Pick of the week: Mehmet Murat Somer’s The Prophet Murders

Mehmet Murat Somer’s The Prophet Murders (Serpent’s Tail, $15) is attention grabbing from its opening paragraph for one simple reason: the narrator —a Turkish transvestite residing in Istanbul who has a crazily wide range of interests and occupations (from Aikido to running a night club) -possesses the kind of storytelling voice that makes a listener reply with, “Please, tell me more.”

A world-weary sophisticate (“Life goes on, despite the pain” is characteristic of her I’ve-seen-a-lot-and-I’ve-been-hurt-often attitude), she’s witty, observant, and ever thoughtful.

Even while visiting an elderly gossip who waxes her bits, she thinks, “I was born with shapely eyebrows. I have never resorted to hormones, and have no intention of doing so. I glory in being both Man and Woman. As for waxing… it is a basic and constant necessity.”

While she’s good company, she’s also an excellent guide to point out to readers a city that is exotic, bizarre, threatening, and enchanting in equal measure.
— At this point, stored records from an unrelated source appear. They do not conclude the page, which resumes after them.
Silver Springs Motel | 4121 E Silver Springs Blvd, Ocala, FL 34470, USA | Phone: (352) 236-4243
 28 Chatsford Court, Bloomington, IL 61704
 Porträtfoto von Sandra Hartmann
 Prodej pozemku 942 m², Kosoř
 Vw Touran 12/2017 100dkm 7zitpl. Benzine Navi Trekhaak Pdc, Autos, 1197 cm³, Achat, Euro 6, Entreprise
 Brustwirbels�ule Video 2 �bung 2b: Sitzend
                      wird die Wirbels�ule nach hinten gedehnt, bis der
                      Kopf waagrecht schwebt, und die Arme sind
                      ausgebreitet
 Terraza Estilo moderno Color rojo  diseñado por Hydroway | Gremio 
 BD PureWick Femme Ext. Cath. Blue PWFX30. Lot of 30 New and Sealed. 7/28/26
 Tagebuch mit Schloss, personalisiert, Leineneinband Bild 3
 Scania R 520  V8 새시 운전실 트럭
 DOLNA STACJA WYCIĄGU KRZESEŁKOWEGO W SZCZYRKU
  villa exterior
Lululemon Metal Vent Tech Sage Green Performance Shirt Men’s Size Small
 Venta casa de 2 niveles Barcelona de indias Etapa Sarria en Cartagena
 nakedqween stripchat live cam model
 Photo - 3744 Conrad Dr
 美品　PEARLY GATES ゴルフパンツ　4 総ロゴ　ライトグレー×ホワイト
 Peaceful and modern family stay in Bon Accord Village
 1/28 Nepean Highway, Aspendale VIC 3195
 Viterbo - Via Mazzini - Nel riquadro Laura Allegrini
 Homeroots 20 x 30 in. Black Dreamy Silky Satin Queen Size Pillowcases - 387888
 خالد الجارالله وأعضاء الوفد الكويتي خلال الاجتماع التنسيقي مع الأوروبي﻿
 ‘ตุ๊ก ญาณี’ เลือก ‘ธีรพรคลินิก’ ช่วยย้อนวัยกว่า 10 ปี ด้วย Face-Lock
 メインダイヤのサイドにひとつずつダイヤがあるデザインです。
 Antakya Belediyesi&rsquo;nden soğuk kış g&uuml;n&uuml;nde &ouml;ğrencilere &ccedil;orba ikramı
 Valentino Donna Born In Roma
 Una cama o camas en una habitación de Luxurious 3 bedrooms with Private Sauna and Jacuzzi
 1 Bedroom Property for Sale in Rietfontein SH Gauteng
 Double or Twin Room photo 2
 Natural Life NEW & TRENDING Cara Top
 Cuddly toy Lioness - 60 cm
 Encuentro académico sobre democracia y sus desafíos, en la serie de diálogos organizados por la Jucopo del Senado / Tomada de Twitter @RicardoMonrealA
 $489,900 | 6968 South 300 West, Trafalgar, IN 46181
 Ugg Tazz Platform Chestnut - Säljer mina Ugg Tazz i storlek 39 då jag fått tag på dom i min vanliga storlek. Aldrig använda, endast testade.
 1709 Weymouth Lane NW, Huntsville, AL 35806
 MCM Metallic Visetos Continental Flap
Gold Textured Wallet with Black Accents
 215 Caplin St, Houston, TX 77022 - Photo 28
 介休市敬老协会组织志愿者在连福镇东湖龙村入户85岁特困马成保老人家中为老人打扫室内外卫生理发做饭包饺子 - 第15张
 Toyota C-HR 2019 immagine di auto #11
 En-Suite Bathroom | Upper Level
In Somer’s novel it’s a city of shadows and contradictions resulting from the conflict between the conservative and fundamentalist official culture and the subcultures that thrive at night and behind closed doors.

As the novel opens, the narrator is reading a sensational and mean-spirited newspaper account of a transvestite who burned to death in a fire. A suspicious fire, it turns out. In fact it’s one death a deranged killer intends to turn into a series.

Seeing his efforts as being those of a religious soldier (one, admittedly, who’s obsessed with abominations and infidels), the killer imagines that Istanbul will be a holier place if he rids it of transvestites.

Despite the heavy-seeming tone and gruesome subject mater, Somer keeps his story surprisingly chipper.

Jokingly nicknamed Poirot by one of her numerous friends, the unnamed narrator prefers to call herself Miss Marple (though prim, courteous and tweedy she is not); and her high-heeled sleuthing features violence and brushes with death, but also a colourful crew of queer characters that lighten the mood considerably.

In fact since Somer’s account of the eventual detection of the killer isn’t exactly the most complex and twisty of plots ever conceived, it’s the city’s dens of vice, the camp wit of the secondary characters and the droll philosophy of the detective herself that that holds us in thrall.